The Intelligent Investor (100 Page Summaries) by Preston Pysh & Stig Brodersen

The Intelligent Investor (100 Page Summaries) by Preston Pysh & Stig Brodersen

Author:Preston Pysh & Stig Brodersen [Pysh, Preston]
Language: eng
Format: azw3, epub
Publisher: 100 Page Summaries
Published: 2014-02-13T05:00:00+00:00


CHAPTER 12

THINGS TO CONSIDER ABOUT PER-SHARE EARNINGS

CHAPTER SUMMARY

This chapter explains how and why the investor should be cautious about earnings per share. Since they can be manipulated both higher and lower within accounting laws, an average earnings measure of seven to ten years is suggested, to provide a more realistic reflection of earnings. Finally, the chapter addresses the issue that, while it is important for an investor to determine the growth factor from a company’s history, there is no definitive way of determining how many years should be included. Irrespective of the approach used, a more optimistic growth rate would also increase the risk of the investment.

CHAPTER OUTLINE

Here, the reader will find two pieces of seemingly contradictory advice:

Don’t take a single year’s earnings seriously.

If you do, watch for booby-traps in per-share figures.

Graham goes on to explain that “Earnings per share” cannot be taken at face value, and the footnotes must be read to find that, although primary earnings per share were reported at $5.20, net income after special charges was 4.32, and fully diluted after special charges was 4.19.

The “dilution factor” is an allowance for the potential of conversion of a bond issue into common shares.

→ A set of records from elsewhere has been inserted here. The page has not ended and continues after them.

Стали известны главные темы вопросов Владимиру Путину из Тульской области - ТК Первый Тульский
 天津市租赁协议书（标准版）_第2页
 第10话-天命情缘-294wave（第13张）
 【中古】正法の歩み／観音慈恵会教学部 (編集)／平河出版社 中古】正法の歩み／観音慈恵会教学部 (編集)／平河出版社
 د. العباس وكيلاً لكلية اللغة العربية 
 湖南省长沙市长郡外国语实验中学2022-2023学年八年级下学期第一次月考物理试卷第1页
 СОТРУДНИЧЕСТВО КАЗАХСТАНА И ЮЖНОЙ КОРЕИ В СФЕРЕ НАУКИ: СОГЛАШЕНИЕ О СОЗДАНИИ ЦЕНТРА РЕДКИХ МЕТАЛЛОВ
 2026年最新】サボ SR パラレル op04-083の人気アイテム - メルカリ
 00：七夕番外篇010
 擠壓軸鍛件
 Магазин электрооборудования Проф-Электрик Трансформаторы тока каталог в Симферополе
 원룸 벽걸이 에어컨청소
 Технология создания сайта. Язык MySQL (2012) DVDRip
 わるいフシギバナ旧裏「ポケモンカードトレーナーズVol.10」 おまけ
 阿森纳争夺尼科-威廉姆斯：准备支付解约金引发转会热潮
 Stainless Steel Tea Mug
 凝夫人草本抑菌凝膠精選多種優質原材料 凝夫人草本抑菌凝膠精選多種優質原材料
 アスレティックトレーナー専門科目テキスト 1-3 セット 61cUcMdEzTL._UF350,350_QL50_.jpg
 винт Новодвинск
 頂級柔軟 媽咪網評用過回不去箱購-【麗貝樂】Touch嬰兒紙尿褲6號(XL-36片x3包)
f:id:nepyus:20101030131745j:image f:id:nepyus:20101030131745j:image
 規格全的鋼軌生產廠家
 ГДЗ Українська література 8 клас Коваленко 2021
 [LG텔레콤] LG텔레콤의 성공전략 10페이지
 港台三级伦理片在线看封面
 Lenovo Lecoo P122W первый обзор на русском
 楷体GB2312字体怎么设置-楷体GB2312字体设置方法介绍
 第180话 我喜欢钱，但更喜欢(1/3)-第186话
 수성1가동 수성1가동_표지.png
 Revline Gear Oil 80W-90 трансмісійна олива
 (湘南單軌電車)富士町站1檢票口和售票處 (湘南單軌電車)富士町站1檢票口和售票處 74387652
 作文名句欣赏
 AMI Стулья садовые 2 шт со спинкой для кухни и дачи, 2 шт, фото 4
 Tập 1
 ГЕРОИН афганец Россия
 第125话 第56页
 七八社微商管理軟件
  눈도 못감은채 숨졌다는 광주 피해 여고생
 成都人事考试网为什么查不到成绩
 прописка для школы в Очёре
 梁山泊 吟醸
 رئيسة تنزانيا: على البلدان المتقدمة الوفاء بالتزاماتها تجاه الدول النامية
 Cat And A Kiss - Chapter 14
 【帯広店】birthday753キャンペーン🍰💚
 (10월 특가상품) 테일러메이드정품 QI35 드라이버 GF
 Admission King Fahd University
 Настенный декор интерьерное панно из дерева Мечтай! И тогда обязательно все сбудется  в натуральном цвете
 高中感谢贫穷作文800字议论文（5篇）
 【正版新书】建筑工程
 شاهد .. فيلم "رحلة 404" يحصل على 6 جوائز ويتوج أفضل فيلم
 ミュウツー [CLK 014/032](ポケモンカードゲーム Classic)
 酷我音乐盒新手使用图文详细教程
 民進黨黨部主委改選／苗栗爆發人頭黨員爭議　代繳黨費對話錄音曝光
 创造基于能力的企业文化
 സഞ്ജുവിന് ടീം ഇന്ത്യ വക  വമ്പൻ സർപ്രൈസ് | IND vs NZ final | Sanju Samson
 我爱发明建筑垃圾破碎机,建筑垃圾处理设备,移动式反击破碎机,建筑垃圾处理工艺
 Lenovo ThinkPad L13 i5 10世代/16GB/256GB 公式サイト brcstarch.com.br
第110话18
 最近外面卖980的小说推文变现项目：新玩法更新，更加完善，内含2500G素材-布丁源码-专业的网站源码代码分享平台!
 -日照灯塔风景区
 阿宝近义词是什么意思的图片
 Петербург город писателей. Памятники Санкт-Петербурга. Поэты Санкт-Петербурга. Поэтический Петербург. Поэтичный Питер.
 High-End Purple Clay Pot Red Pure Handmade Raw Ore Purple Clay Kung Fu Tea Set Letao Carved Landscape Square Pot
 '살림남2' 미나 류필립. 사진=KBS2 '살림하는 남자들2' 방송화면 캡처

Special charges carry vagueness and seem to be used at the discretion of management and accountants rather than on a fixed calendar basis. In the case cited (ALCOA), they were for anticipated costs of closing down divisions and plants and other estimated future costs. What some might consider sleight of hand is perfectly acceptable in accounting rules and allows the company to reduce its apparent earnings when they are good. Then, if the actual costs occur in a less successful year, they do not have to be shown, since they have already appeared on the books. In fact in that year, the delayed tax credit can be shown, boosting the earnings.